Pero gracias a ello fue como consiguió Manzanares que el segundo de los «juanpedros» durase bastante más, y con más energía, que sus hermanos y pudiera mostrar así esa calidad que los demás no llegaron a desarrollar.Sobre esa base el torero de dinastía compuso una faena de buen nivel, templada y medida, sin romperse ni romper al animal, con fases de buen gusto y otras de cierta superficialidad, pero suficientes para que se premiara con el único trofeo de la tarde. Y, sobre todo, porque fue mucho más concreta que su trabajo a menos con el quinto.

En cambio, la lentitud en la actuación de Ginés Marín no estuvo en lo accesorio ni en lo periférico sino en el meollo de la faena: en el reposo con que se asentó, citó y se trajo toreado al tercer toro y, también, al primero de Manzanares, al que, como luego saludó al suyo, hizo, mecido y entregado, el mejor toreo a la verónica de lo que va de feria.
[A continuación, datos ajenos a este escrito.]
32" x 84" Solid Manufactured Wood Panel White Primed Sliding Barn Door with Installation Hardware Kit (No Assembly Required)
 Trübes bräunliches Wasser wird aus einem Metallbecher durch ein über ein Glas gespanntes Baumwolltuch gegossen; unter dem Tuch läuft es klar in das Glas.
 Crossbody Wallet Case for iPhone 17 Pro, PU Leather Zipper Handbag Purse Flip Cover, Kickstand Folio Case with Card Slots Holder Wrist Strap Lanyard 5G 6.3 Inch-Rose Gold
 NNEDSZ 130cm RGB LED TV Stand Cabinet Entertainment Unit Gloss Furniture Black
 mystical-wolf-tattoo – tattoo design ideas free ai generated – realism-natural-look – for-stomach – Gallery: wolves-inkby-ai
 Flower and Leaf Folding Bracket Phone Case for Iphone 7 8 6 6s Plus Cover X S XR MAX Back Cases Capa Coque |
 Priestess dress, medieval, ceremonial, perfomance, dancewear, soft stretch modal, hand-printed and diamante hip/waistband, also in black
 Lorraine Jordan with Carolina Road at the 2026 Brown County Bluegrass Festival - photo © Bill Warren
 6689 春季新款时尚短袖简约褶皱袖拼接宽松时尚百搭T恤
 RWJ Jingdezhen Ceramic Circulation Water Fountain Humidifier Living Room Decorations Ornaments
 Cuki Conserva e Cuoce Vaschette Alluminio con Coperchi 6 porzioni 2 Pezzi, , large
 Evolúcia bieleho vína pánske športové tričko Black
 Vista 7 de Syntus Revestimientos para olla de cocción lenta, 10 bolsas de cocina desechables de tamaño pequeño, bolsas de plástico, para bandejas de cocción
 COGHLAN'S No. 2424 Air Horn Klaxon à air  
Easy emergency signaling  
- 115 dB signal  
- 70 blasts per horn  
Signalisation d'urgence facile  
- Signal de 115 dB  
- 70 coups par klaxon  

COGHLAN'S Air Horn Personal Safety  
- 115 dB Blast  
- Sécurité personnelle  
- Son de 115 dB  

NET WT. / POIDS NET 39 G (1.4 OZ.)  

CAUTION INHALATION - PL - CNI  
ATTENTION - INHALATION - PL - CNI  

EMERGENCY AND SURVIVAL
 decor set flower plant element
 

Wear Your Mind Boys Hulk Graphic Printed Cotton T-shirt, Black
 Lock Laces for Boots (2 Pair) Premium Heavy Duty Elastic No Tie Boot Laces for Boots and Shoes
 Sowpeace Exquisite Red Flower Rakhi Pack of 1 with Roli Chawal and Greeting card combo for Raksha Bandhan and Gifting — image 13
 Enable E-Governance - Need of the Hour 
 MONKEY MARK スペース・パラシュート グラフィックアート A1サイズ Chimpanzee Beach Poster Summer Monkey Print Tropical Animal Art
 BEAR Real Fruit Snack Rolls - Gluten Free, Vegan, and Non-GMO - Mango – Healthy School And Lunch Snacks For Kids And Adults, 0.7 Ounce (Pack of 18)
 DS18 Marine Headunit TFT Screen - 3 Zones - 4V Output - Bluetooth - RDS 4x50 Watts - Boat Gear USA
Tanto con el capote como con la muleta, el joven Marín les echó al hocico, muy despaciosamente, los vuelos de la tela para llevar a ambos prendidos en un trazo también ralentizado y recreado. Pero a ese tercer de la tarde, que derribó espectacularmente en varas y cuya muerte brindó Marín al futbolista Sergio Ramos, le faltó el empuje suficiente para que ese toreo de pureza y calidad del extremeño, siempre basado estricta y honestamente en lo fundamental, llegara al tendido con mayor fuerza.

Lo intentó también así con el segundo sobrero, después de que la tarde se demorara más todavía con la vuelta a corrales de dos inválidos, pero la negativa actitud del animal, soltando tornillazos a poco que se le exigiera, obligó a Marín a acelerar, por fin, el final de tan dilatada tarde.